According to a report in Venture Beat, the new laptop is expected to do more than its Surface tablet but not have all the bells and whistles of its Surface Book, which is aimed at the corporate market. The laptop, which will run on Windows 10 Cloud instead of the Windows 10 operating system, will be able to support apps that are in the Windows Store and that is all. 

Targeting Education

The aim is to create device that is simple and secure, geared toward the education market — the same strategy Google pursued with the Chromebook. Google had a home run with the Chromebook, which has found its way into schools around the country. (See also, Why Google Chromebooks Are a Hit in Schools.)

Venture Beat noted the device’s rumored name is the CloudBook and that it is expected to launch next month at the company’s education-focused hardware and software event.

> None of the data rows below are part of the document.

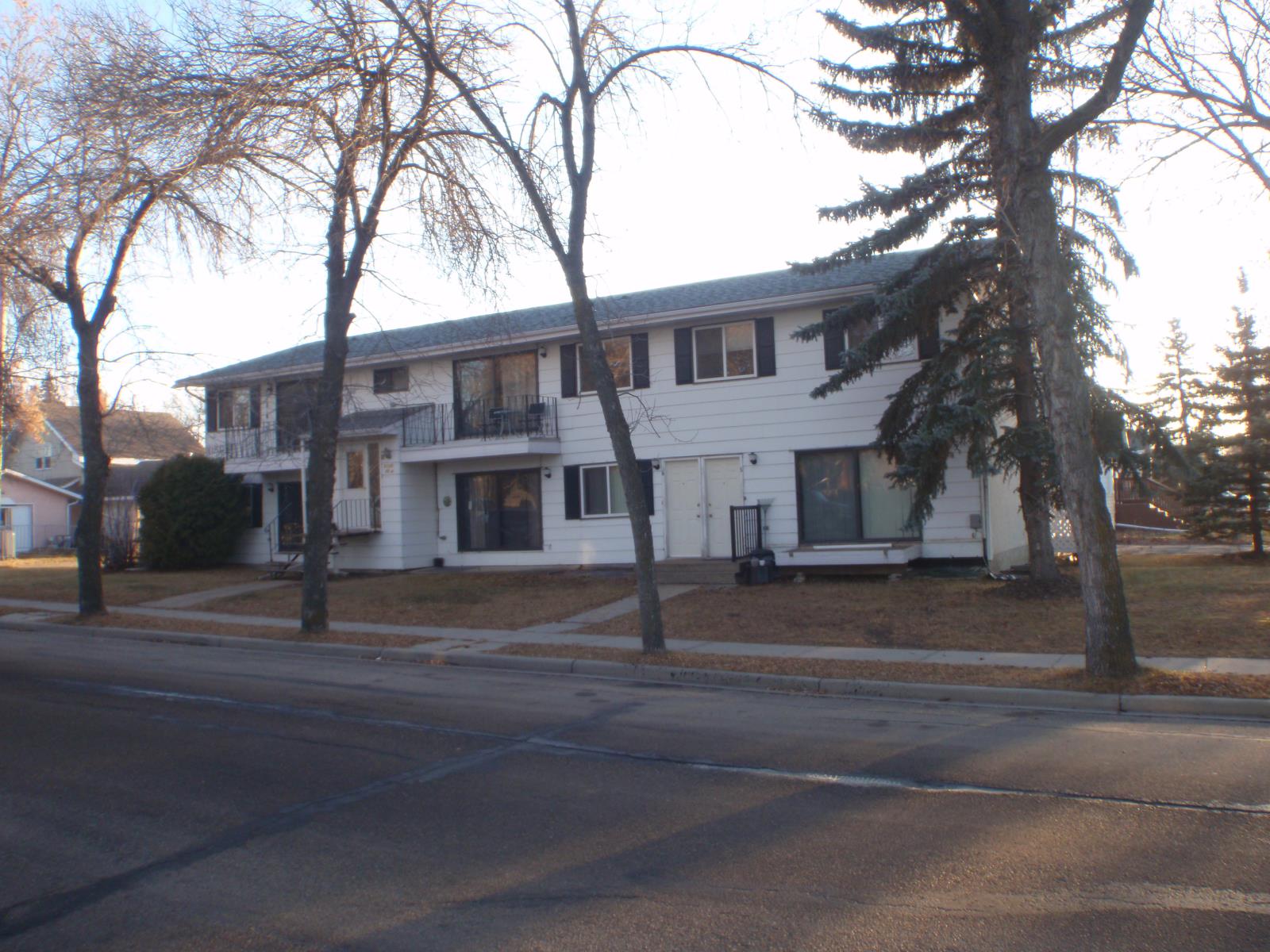 5135  52 Avenue, Barrhead, Alberta  T7N 1A5 - Photo 4 - 43896617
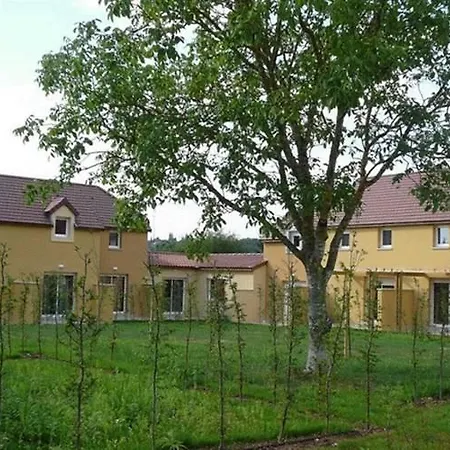 Holiday park Lagrange Les Bastides De Lascaux Montignac-Lascaux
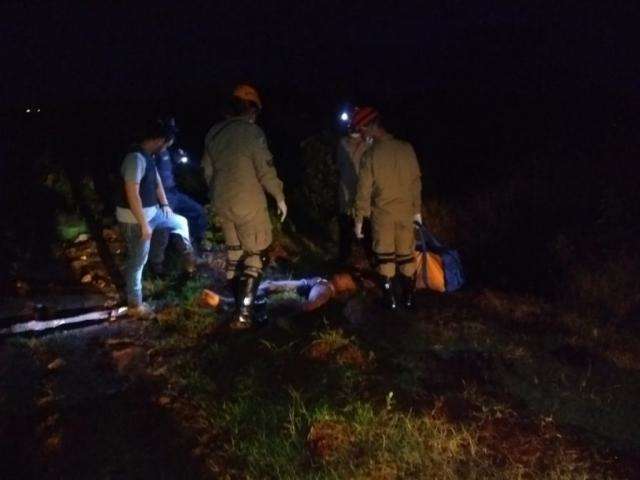 Dois jovens s&atilde;o mortos durante troca de tiros com a pol&iacute;cia em &quot;favelinha&quot;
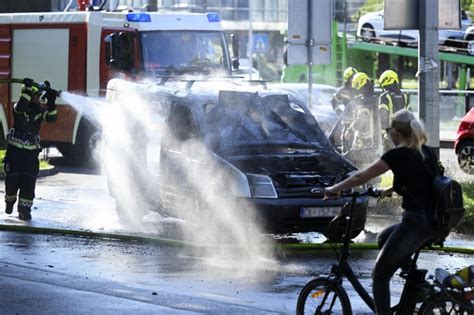 U Zagrebu Izgorio Automobil Tportal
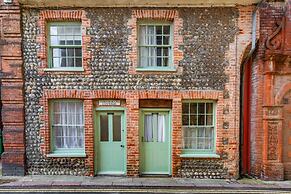 Host Stay Fishermans Cottage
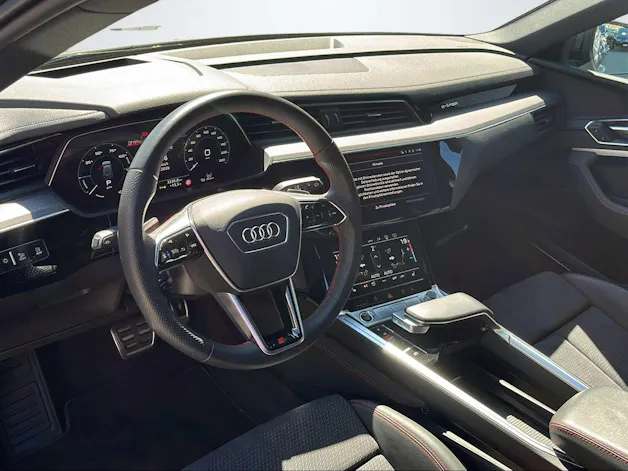 Audi Q8 e-tron 50 Advanced quattro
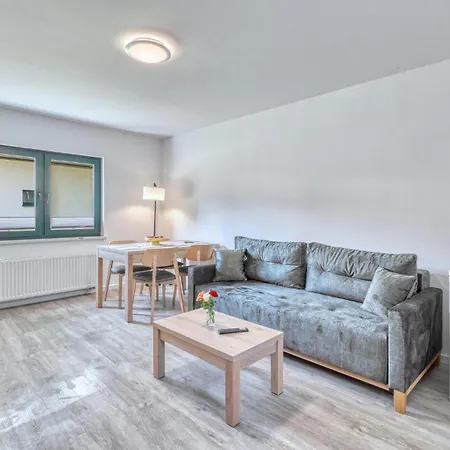 Apartment 3 Bedroom Awesome In *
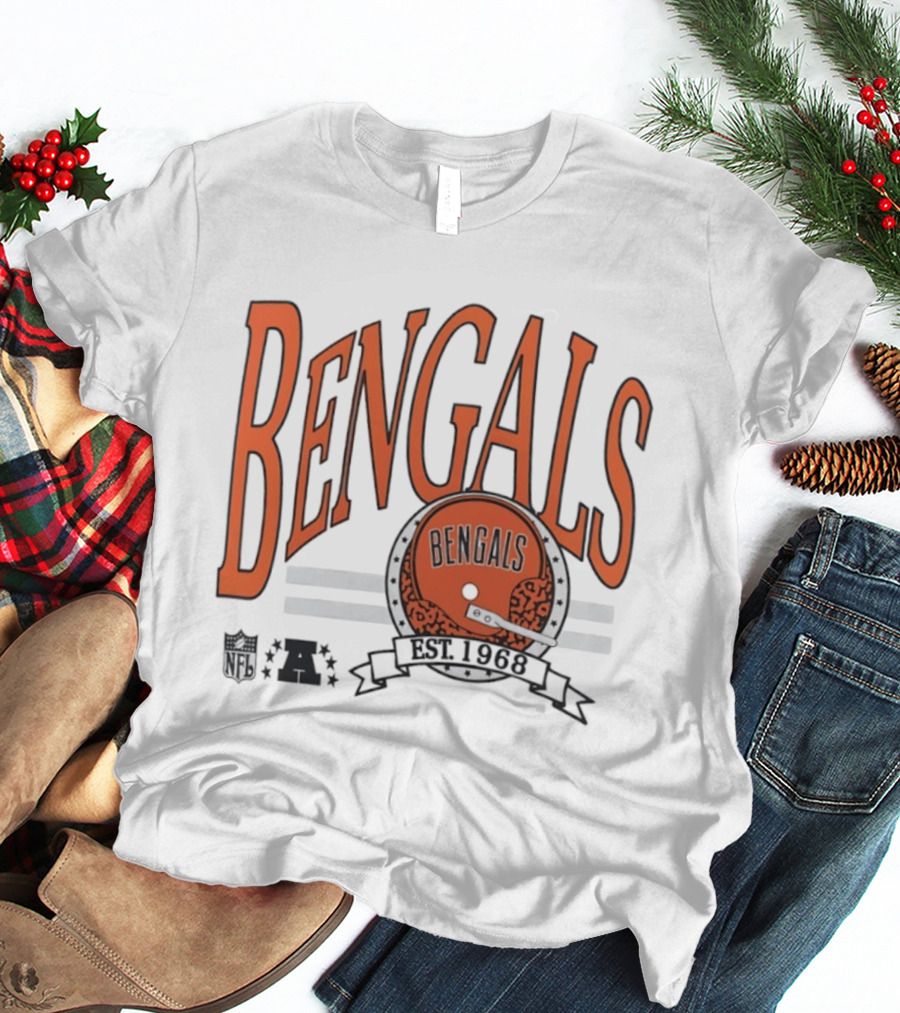 Bengals Est 1968 Helmet Vintage Football Cincinnati T-Shirt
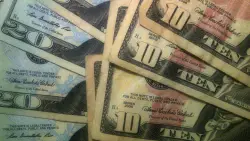 Trading stocks while in office severely erodes public trust, UCSD study shows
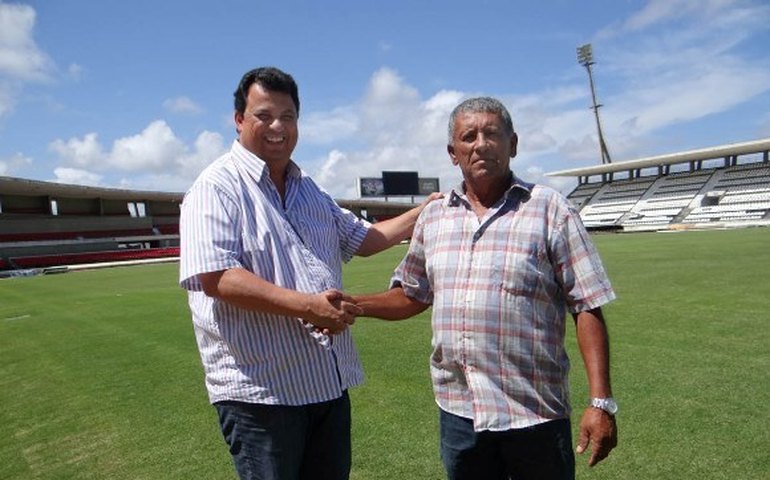 Secretaria homenageia servidor público destaque no Esporte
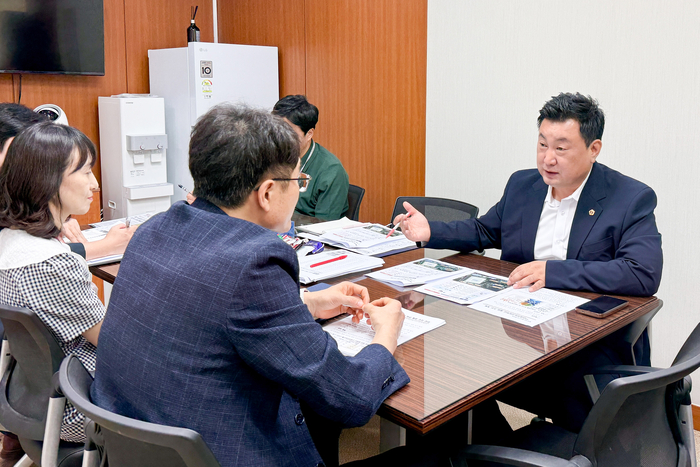 안대룡 울산시의원은 28일 시의회 2층 의원연구실에서 울산광역시교육청 관계 부서로부터 울산여자상업고등학교와 울산미용예술고등학교의 통합을 비롯한 학령인구 감소 대응 학교 통폐합 추진현황을 보고받고 세심한 통합 준비를 부탁했다. 울산시의회 제공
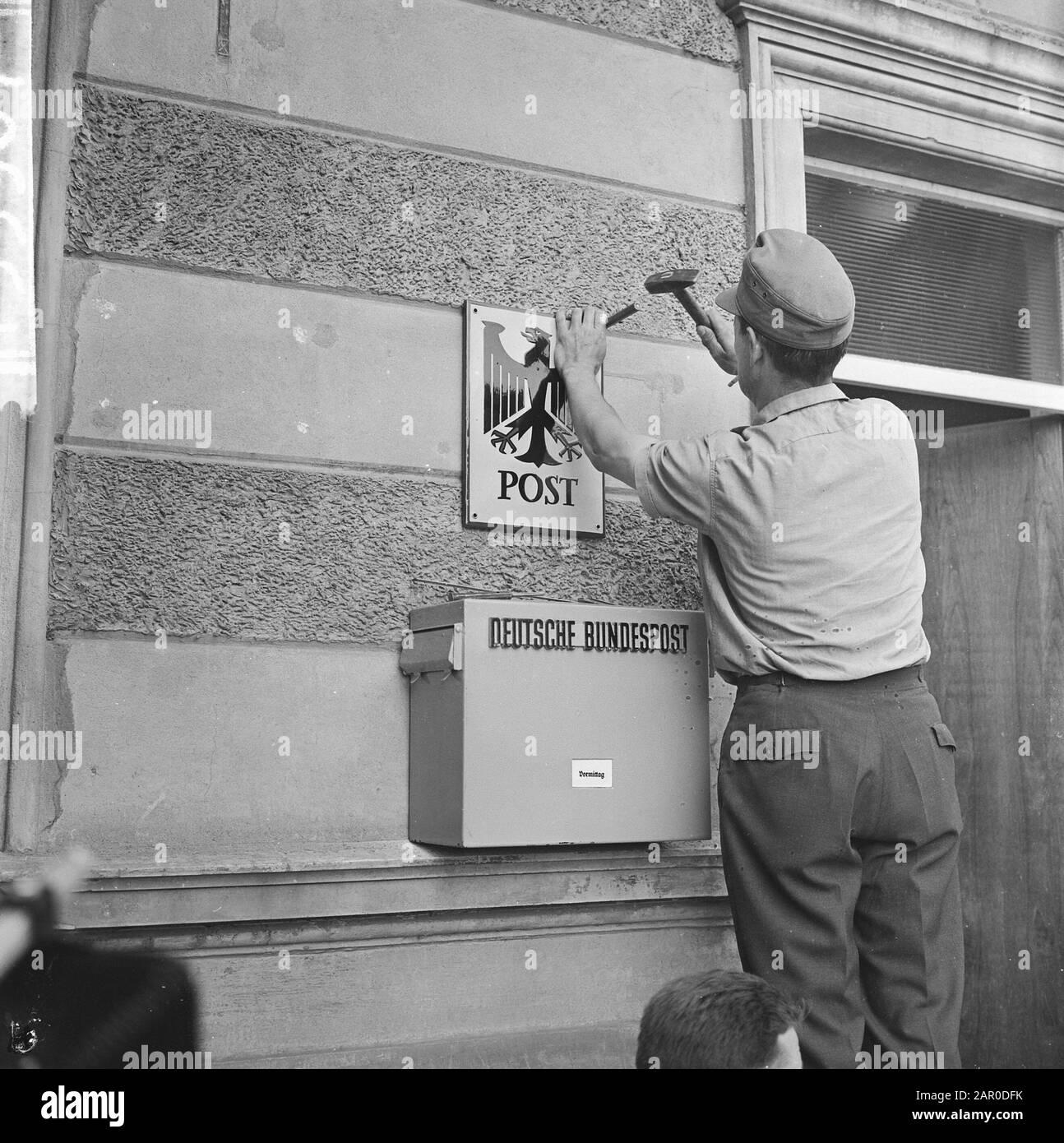 Tudderen Deutsch wieder. Briefkästen ersetzt durch Deutsch Datum: 31. Juli 1963 Standort: Deutschland, Türdderen Schlagwörter: Briefkästen, ersetzt Stockfoto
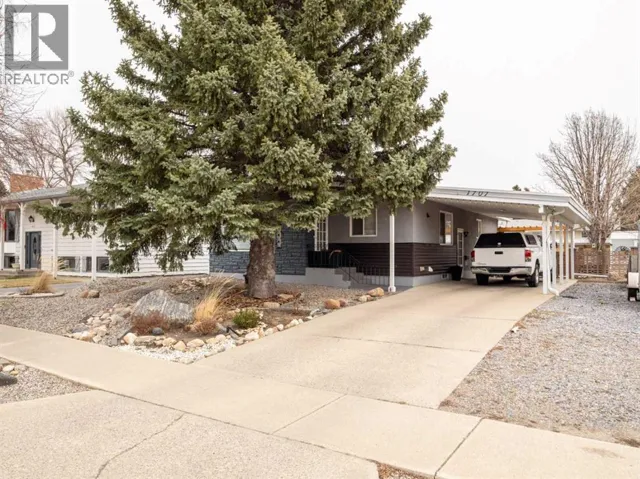 1707 Lakemount Boulevard S, Lethbridge, Alberta T1K3K5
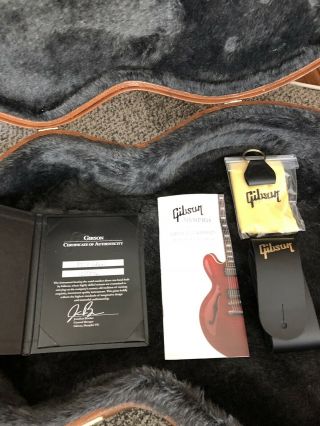 Gibson ES - 335 Traditional Semi - Hollow Vintage Ebony Electric Guitar 2018 5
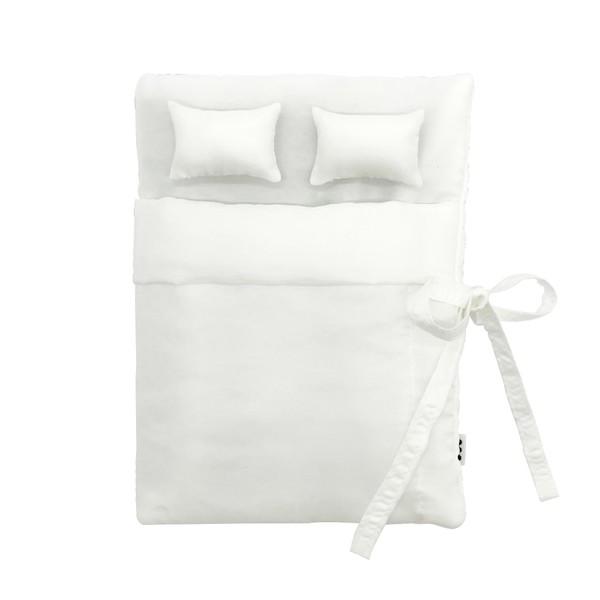 PUFFY BED BOOK (white)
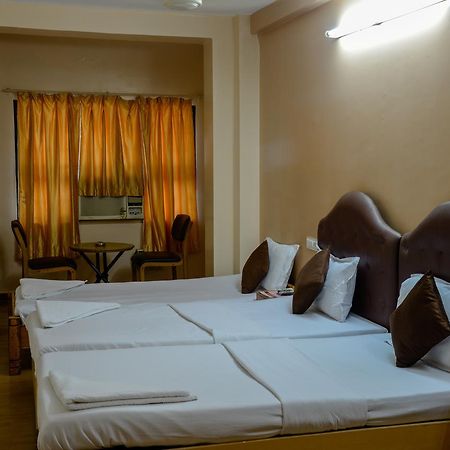 Oyo 14933 Rpr Residency Hotel Chennai Esterno foto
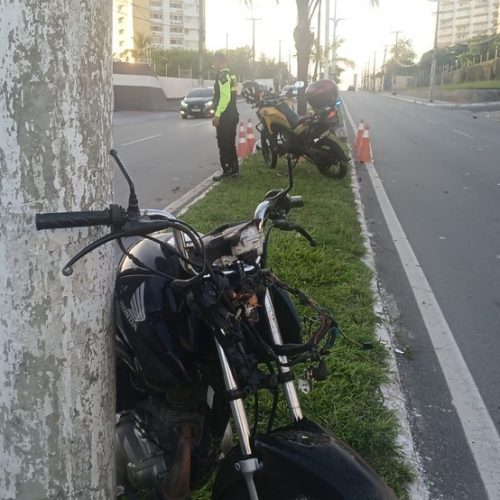 Motociclista morre após perder o controle da moto e bater em palmeira na Avenida dos Holandeses, em São Luís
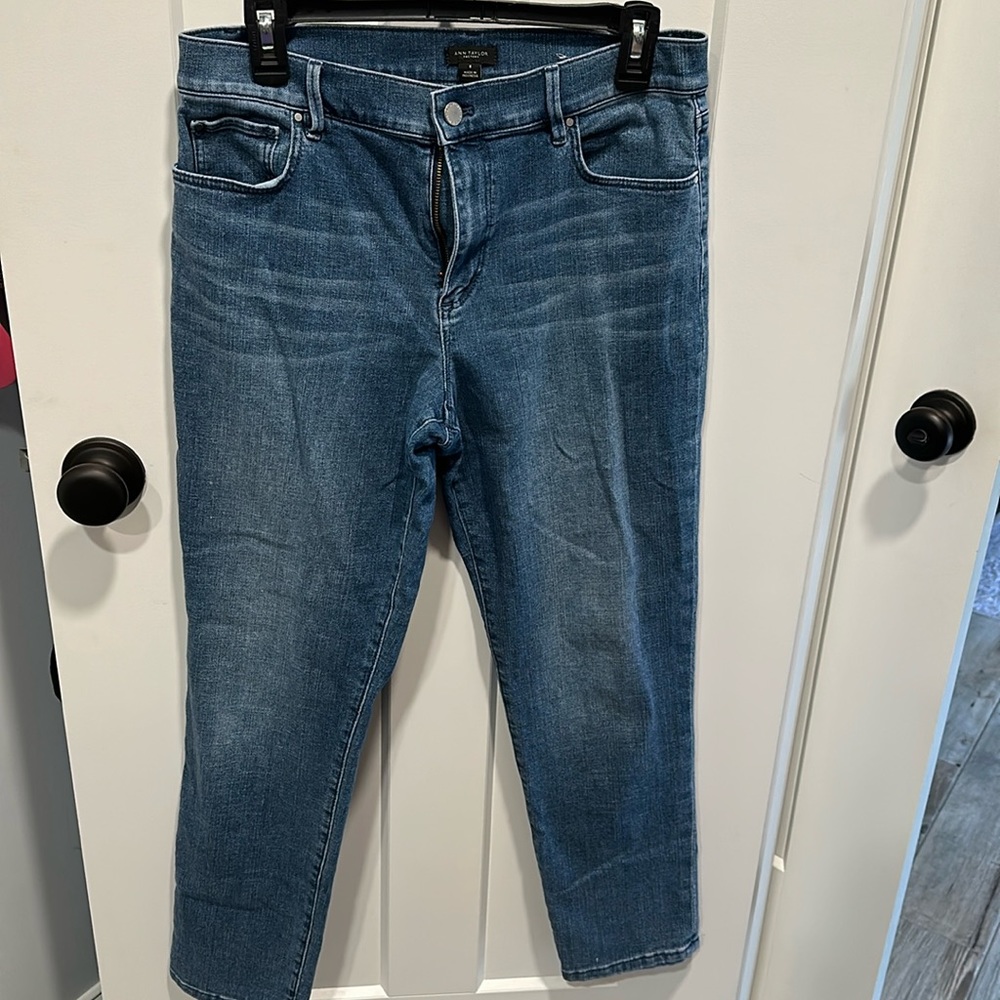 Ann Taylor straight leg jeans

At the same time, Google has been busy adding more features to its device. For instance, users can now run Android apps on Chromebooks, and there is far more choice now that convertible and detachable versions of the Chromebook have entered the marketplace.

PC Market Struggles

Microsoft’s move towards a cheap, bare-bones, cloud-based laptop comes at a time when the PC market around the globe is struggling. According to market research firm IDC, worldwide shipments of traditional PCs—desktops, notebooks and workstations—saw a slight uptick of just 0.6% during the first quarter, to 60.3 million units shipped, essentially flat from a year ago. This marks the first time since 2012 shipments actual rose in the first quarter. (See also, Worldwide PC Shipments Struggle in Q1.)

PC shipments in the U.S. were hit particularly hard, with IDC reporting a slight decline compared to last year. Slumping sales of notebook PCs were to blame for the pain in the first quarter, said IDC. The business PC market was strong during the same three months, thanks largely to the growth of Google’s Chromebook shipments. Overall in the U.S., PC shipments during the first quarter came in at 13.3 million units.